‘I want to hear what Verdi wrote’

Riccardo Muti, the esteemed Italian conductor who last season concluded a 13-year tenure as music director of the Chicago Symphony Orchestra (and was promptly named conductor emeritus), unloads on opera stage directors imposing their ideas on composers’ works – Regieoper, as the Germans call the tendency – in an interview with Bachtrack’s Mark Pullinger.

When Pullinger notes that Muti, who was music director of Milan’s Teatro alla Scala for 19 years and a longtime presence in other major houses, now seems to prefer conducting opera in concert, Muti replies: “I had so many experiences of horrendous productions [in which] I had to fight with this director, that director.

“I come from the old school,” says the 82-year-old conductor, noting that he learned to conduct the operas of Giuseppe Verdi from Antonino Votto, who learned Verdi from Arturo Toscanini, who learned Verdi from Verdi.

“It’s not that I tell the stage director what to do, but I would like to talk with them beforehand.

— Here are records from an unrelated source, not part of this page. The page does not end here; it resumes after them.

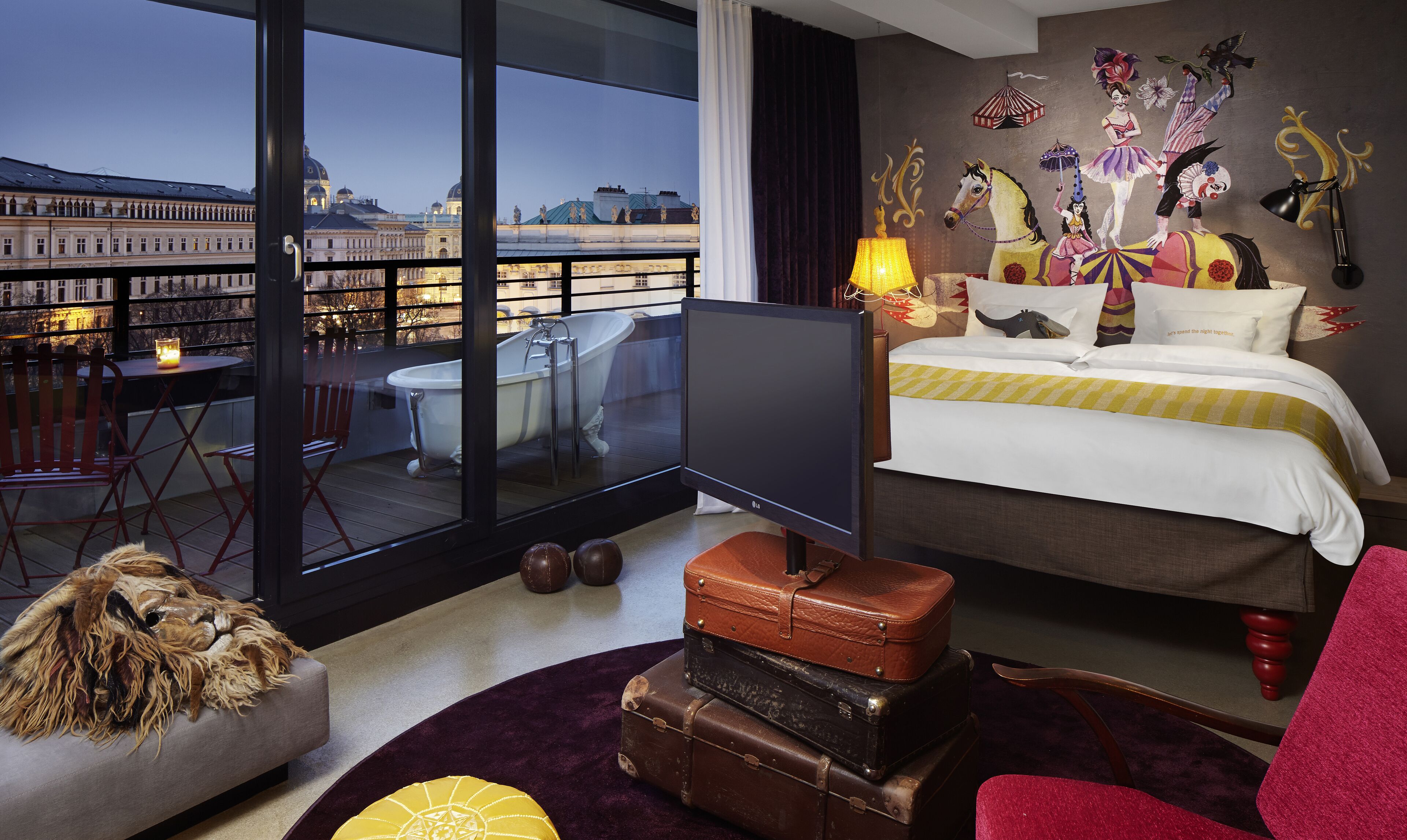 25hours Hotel Vienna at MuseumsQuartier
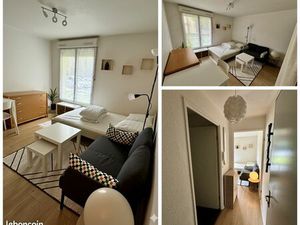 ? STUDIO COSY À TALENCE VICTOR LOUIS | TOUT NEUF & ÉQUIPÉ | PROPRIÉTAIRE DIRECT (Sans Frai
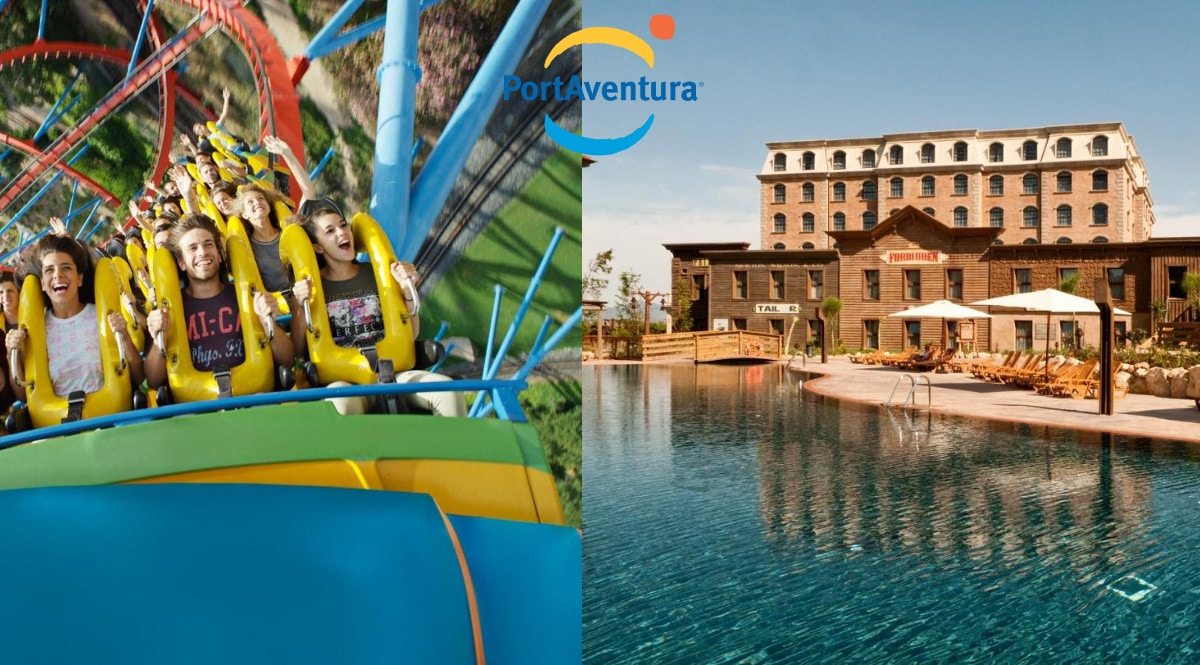 Hotel PortAventura con entradas barato, hoteles baratos, ofertas en viajes, chollo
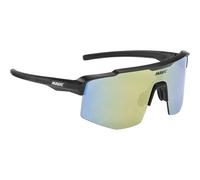 Mavic Lunettes de soleil MVS Shield - Cat. 3 (VLT 13%) - Noir/Or/Bleu Taille unique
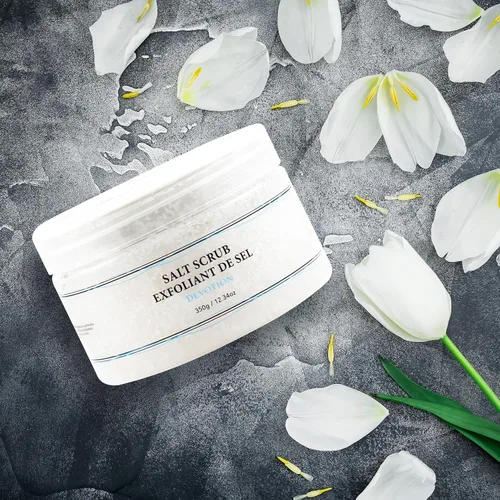 Vista 5 de Vivo Per Lei Exfoliante corporal con minerales del mar muerto - Exfoliante corporal con minerales del mar muerto - Exfoliante corporal para manos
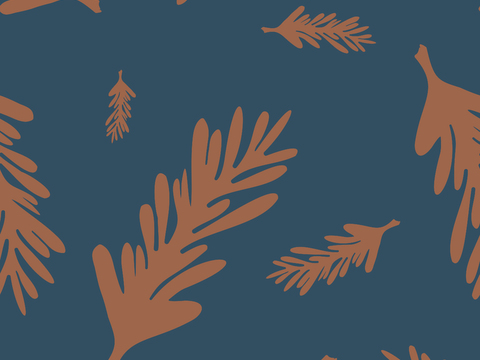 治愈系小清晰植物森系纹理图案肌理82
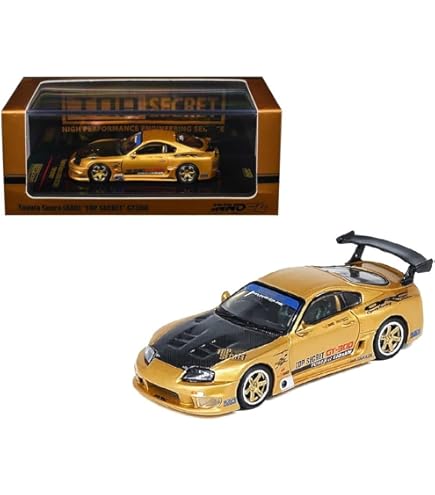 Amazon.com: Inno Models Skyline GT-R (R33) 400R RHD (Right Hand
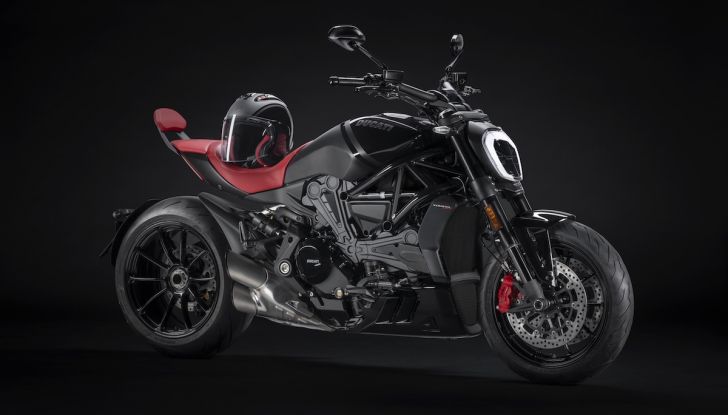 Ducati XDiavel Nera: caratteristiche dell’edizione limitata - Foto 5 di 9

What I see on stage – modern, traditional, avant-garde – I don’t care, but I want something that doesn’t disturb what I am doing through the music.”

Muti cites a comment by Arnold Schoenberg: “If what you see disturbs what you hear, that’s wrong.”

“This was Schoenberg . . . not Giordano or Mascagni! Capisce? So I don’t want to spend the few years in front of me fighting with an idiot.”